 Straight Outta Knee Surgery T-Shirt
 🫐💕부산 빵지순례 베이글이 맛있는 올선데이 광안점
════════════════════
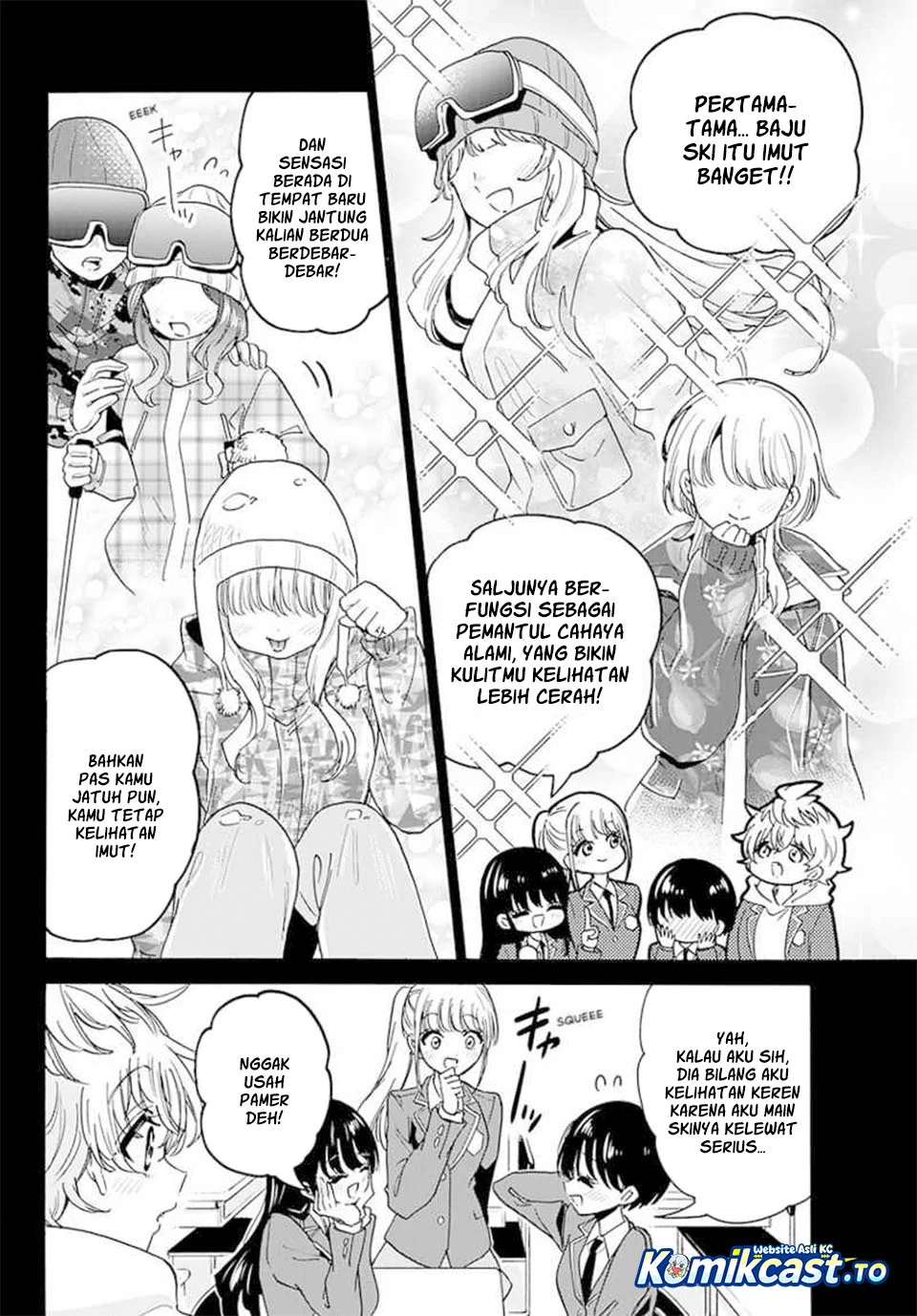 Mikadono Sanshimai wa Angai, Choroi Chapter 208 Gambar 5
════════════════════
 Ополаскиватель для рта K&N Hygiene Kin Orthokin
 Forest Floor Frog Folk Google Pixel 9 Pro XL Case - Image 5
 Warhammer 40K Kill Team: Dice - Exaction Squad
════════════════════
▸ **Exercise requirements**
Write out only the lines that run from the line containing "Straight Outta Knee Surgery T-Shirt" through the line containing "맛있는 올선데이 광안점", both included, exactly as they appear above.

▸ **Finished exercise**
 Straight Outta Knee Surgery T-Shirt
 🫐💕부산 빵지순례 베이글이 맛있는 올선데이 광안점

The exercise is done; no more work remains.